Era un modesto escritor que aceptó el desafío para responder al reto de Eduardo Zalamea Borda (“Ulises”), subdirector y director del suplemento literario de El Espectador —quien había dicho que no existían jóvenes escritores que merecieran la pena en Colombia—. Le envió el cuento La tercera resignación. Y a Zalamea le tocó recoger sus palabras, publicar el relato y hacerle una nota laudatoria.
Podría interesarle leer: Paro nacional: Lecturas por Cali
Así comenzó su gloria, haciendo buen uso de su memoria prodigiosa, que le permitía acordarse de los más mínimos detalles de acontecimientos importantes o baladíes: de cuando llegó por primera vez a Bogotá, esta ciudad remota y lúgubre donde caía una llovizna insomne desde principios del siglo XVI, con demasiados hombres en la calle vestidos de paño negro y sombrero duro; de cuando aterrizó en París y luego de haberse instalado en la primera pensión que encontró, salió a la calle y vio a un paisano que se especializaba en medicina psiquiátrica, con quien tenía más de diez años de no encontrarse, y en pleno bulevar Saint Michel le gritó: “Aracataca sí es grande”.
Esa era la memoria inimitable que fue perdiendo con el tiempo, sin la carga del pasado y libre de las expectativas sobre el futuro. Fue dejando de ser no solo el gran escritor, sino el conversador fantástico que con sus palabras construía un cuento lleno de realismo de buena prosa hablada. Afortunadamente quedó su obra perenne.En su libro, repito, hermoso y bello, Rodrigo tiene el valor de confesar que cuando con su hermano Gonzalo lo visitaban en los últimos años “nos mira larga y detenidamente, con una desinhibida curiosidad. Nuestros rostros tocan algo distante, pero ya no nos reconoce”.
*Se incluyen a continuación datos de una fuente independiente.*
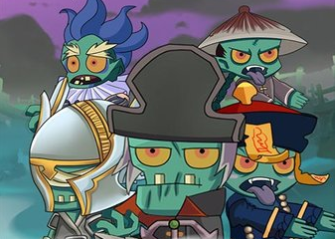 ��ʬ����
Era consciente de lo que le estaba pasando: “Trabajo con mi memoria. La memoria es mi herramienta y mi materia prima. No puedo trabajar sin ella. Ayúdenme”. Y luego dijo: “Estoy perdiendo la memoria, pero por suerte se me olvida que la estoy perdiendo”.
Es algo similar a lo que sentía Beethoven, poniendo sus oídos en el piano para escuchar las notas que él mismo había puesto en el pentagrama. O cuando le indicaron que viera el público que aplaudía luego de que interpretaron su Oda a la alegría.Rodrigo cuenta que por primera vez Gabo releyó sus libros y era como si los leyera por primera vez. “¿De dónde carajos salió esto?”, me preguntó en una ocasión. Seguía leyéndolos hasta el final, en algún momento reconociéndolos como libros familiares por la cubierta, pero con una pobre comprensión de su contenido. A veces cuando cerraba un libro se sorprendía al encontrar su retrato en la contraportada, de modo que lo volvía a abrir e intentaba volverlo a leer.
Un Jueves Santo se fue ese genio prodigioso, el mismo día de Úrsula Iguarán en Cien años de soledad. Rodrigo cuenta que lo vio destrozado “como si algo hubiera fulminado —un tren, un camión, un rayo—, algo que no le causó más heridas que arrebatarle la vida”.
Falleció en su casa en Ciudad de México, al lado del libro que siempre estuvo en su mesa de noche, que releyó muchas veces: Los idus de marzo, del estadounidense Thornton Wilder. Pero Gabo se fue en abril. Se nos fue, pero quedó su gloria eterna. Su memoria iba adelante porque apenas llegó a los ochenta.